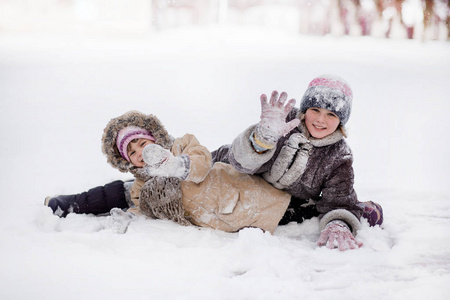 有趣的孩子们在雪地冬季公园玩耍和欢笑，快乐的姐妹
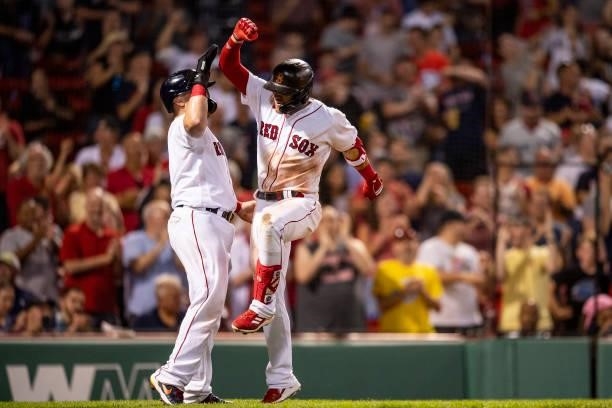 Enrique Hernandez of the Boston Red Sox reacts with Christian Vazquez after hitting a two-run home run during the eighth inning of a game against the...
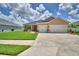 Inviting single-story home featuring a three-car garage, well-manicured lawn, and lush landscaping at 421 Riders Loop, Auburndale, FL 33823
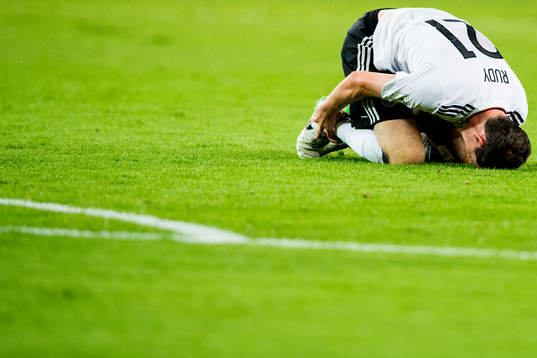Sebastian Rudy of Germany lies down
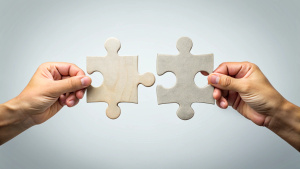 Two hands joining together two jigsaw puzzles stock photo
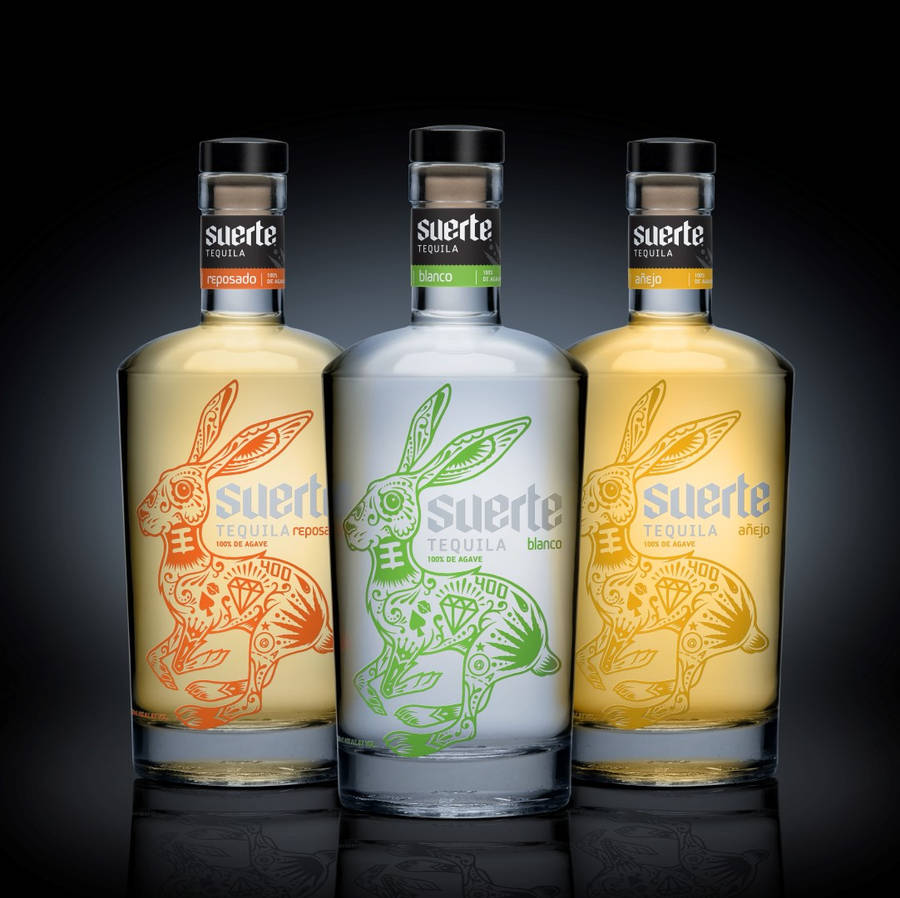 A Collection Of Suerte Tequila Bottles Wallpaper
* * *
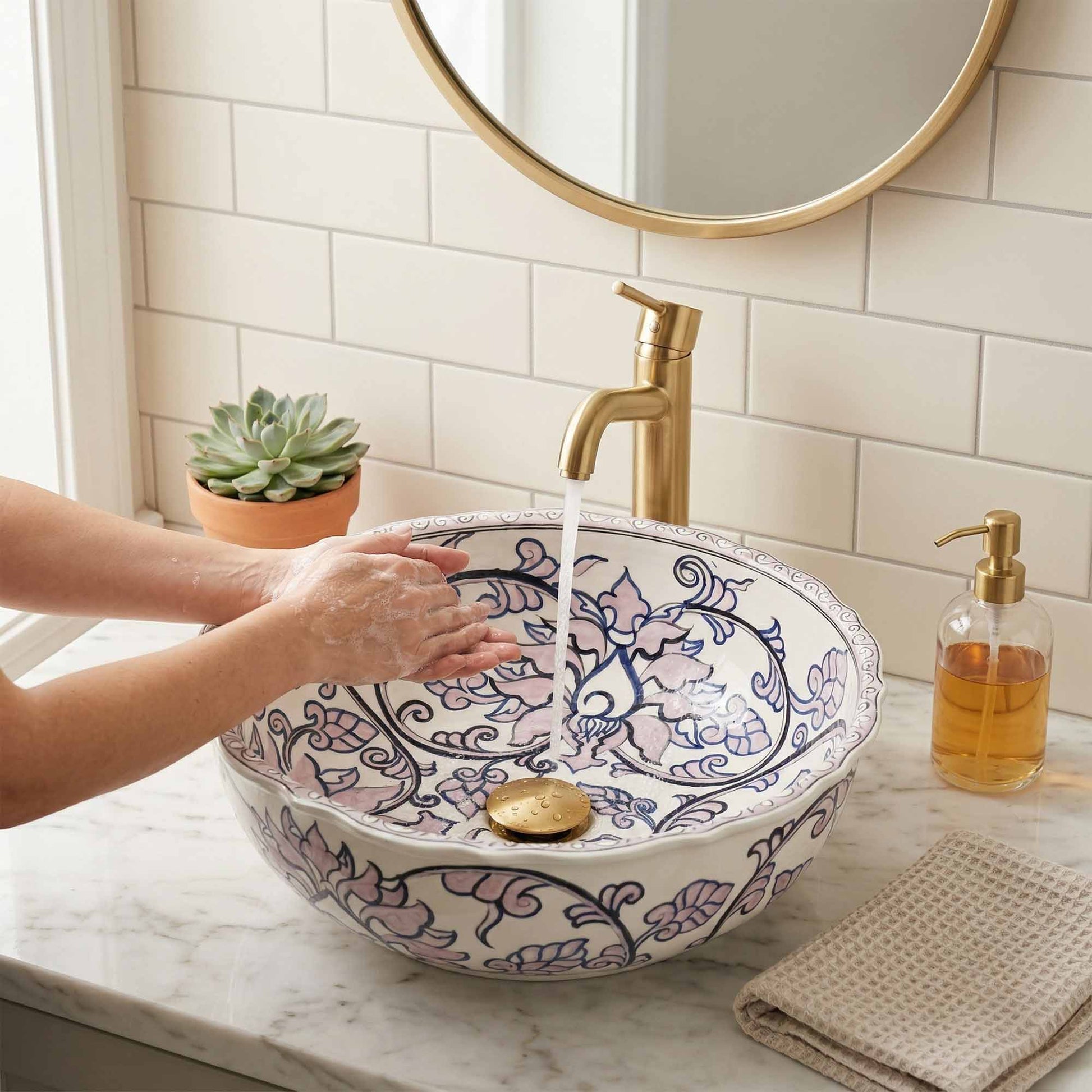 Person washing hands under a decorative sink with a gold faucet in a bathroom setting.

Exercise prompt → Exact copy, pictures excluded: every line above from the one containing "Enrique Hernandez of" to the one containing "A Collection Of", inclusive, and nothing more.

Answer below →
 Enrique Hernandez of the Boston Red Sox reacts with Christian Vazquez after hitting a two-run home run during the eighth inning of a game against the...
 Inviting single-story home featuring a three-car garage, well-manicured lawn, and lush landscaping at 421 Riders Loop, Auburndale, FL 33823
Sebastian Rudy of Germany lies down
 Two hands joining together two jigsaw puzzles stock photo
 A Collection Of Suerte Tequila Bottles Wallpaper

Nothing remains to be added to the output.